3. All my "guinea pigs" for my new project are completing Phase 1 today/tomorrow, and will be embarking on phase 2 on Monday.  The feedback has been great thus far, and I'm pretty excited for the June/July release of the comprehensive program (which, unfortunately, still remains unnamed).  The beginning of each new phase means that I have to do about 45-50 exercise demonstrations, and that fun 90-minute task was yesterday.

4. In What I Learned in 2009, I alluded to the fact that we're doing more ground-to-standing transitions in our training, and mentioned that Rollover Get-up and Go Starts were one of those drills.  Unfortunately, the video was accidentally omitted from the article, so I thought I'd feature it here.  Thanks to Blue Jays prospect Tim Collins for the demonstration.
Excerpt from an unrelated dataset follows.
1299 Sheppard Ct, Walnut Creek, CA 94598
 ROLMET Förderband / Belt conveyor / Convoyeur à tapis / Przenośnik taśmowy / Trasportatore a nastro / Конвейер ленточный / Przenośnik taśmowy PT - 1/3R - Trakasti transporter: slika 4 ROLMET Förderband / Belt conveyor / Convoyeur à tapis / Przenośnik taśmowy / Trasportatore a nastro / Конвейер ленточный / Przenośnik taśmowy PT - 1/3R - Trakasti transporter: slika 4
5. We're picking out the color schemes for all the rooms in our new house this week, and I have to be honest here.  While I'm unbelievably excited about moving into a new house, I am likely going to jab a hot poker in my eyes if I have to stare at a color sample for another 20 minutes to determine the difference between "nantucket fog" and "james river gray."  The humor in all of this is that my fiancee is an optometrist and has come right out and said that she believes me to be partially color blind - which means that I shouldn't even be allowed to have an opinion on the matter in the first place!

Up next, picking out a refrigerator and mailbox.  And here I was thinking that I'd get a mini-vacation now that the baseball season was underway!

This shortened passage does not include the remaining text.